Accurate cloud droplet measurements are important for an increased understanding of cloud microphysical processes, especially the nucleation and growth of cloud particles through condensation and coalescence. In addition, cloud droplets play a significant role in the formation of precipitation; therefore, accurate measurements are important for precipitation forecasting. A Forward Scattering Spectrometer Probe (FSSP) is a cloud droplet measuring instrument that uses light scattering intensity in determining size distribution and concentration. A German version of the FSSP was developed, with minor structural changes, in order to reduce inaccuracies associated with cloud droplet measurements. The goal of the research was to investigate the effects of changes in droplet velocities and trajectories during measurement using the standard and modified FSSP probes. This investigation will help determine a probe configuration with improved measurement capabilities.

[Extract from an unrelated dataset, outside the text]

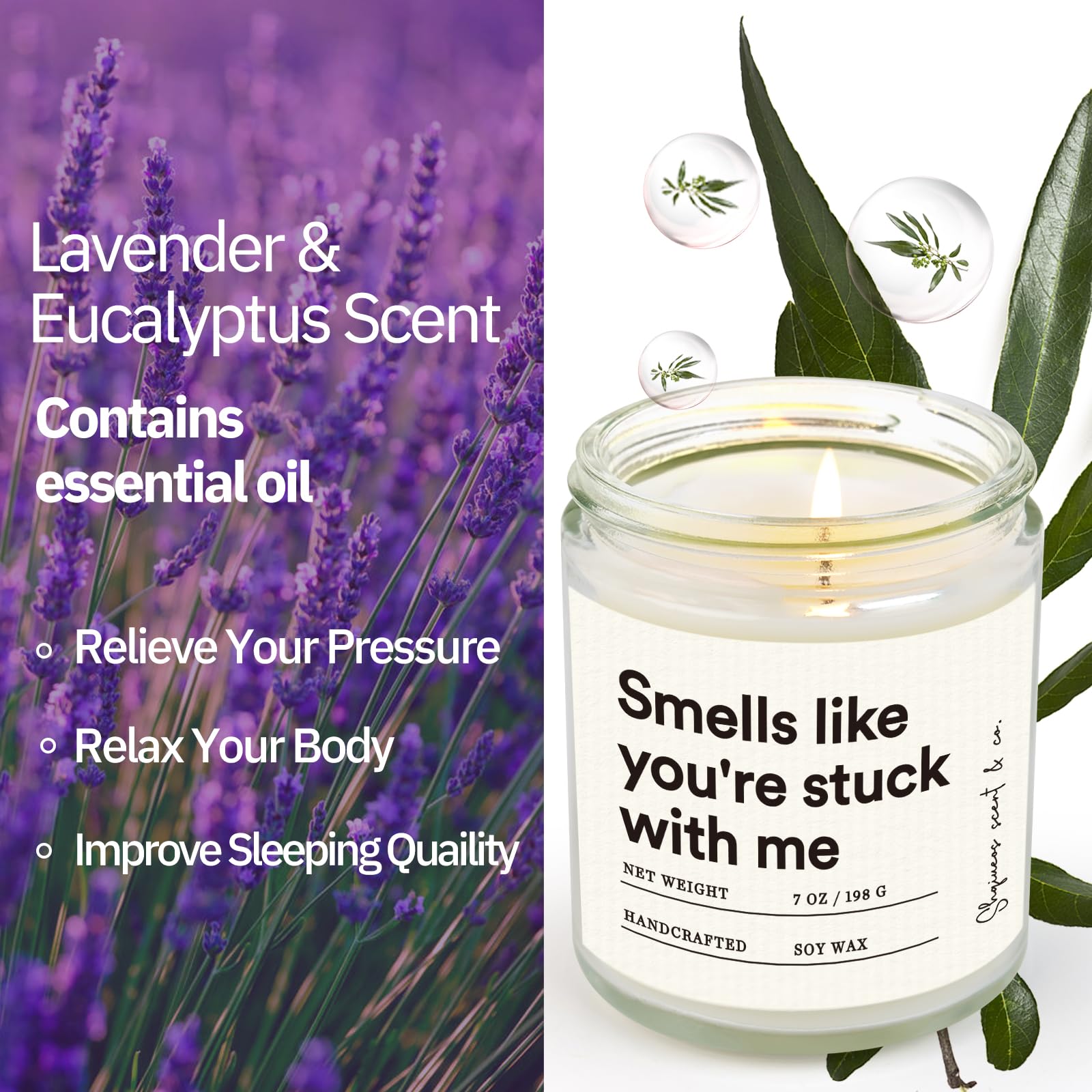Shqiueos soy wax lavender candle 7oz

Two modeling and simulation packages were used; Gambit and Fluent. Gambit was used to generate probe prototype models, 3d computational grids and the computational flow domain. Fluent was used for flow simulations under specified boundary and operating conditions. The analysis examined flow fields at various airspeeds (focusing on 145m/s as a case study), angles of attack and trajectories of 20-50 microns sized particles passing through the measurement volume. The results obtained showed change in particle velocities within the sampling volume for both probes. In addition, both probe simulations showed evidence of particle trajectories approaching the sampling area. This plays an important role in determining the amount of particle passing through the laser beam. Further investigations have to be carried out in order to determine the more suitable probe configuration.